**Instructions to follow:** Of all the lines below, output only those starting at the one with "Thai Poosam Cavedee" and ending at the one with "Mixed Breed dogs for sale: Samantha - Ad 1", both ends included, exactly as written.

**Available records:**
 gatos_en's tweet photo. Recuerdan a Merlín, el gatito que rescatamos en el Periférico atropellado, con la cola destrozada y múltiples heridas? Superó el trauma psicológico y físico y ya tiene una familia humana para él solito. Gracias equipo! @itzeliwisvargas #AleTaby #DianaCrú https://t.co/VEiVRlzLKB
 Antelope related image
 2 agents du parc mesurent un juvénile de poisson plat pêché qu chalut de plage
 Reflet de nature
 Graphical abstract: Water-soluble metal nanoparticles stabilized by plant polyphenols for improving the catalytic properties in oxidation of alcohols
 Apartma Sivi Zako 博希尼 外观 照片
---
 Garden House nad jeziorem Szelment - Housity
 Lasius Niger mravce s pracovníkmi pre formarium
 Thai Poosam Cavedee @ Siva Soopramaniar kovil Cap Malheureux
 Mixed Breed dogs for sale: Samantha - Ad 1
==
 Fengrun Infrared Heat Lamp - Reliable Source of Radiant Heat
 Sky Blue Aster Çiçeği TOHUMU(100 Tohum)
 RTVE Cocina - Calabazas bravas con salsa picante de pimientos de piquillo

**Expected output:**
 Thai Poosam Cavedee @ Siva Soopramaniar kovil Cap Malheureux
 Mixed Breed dogs for sale: Samantha - Ad 1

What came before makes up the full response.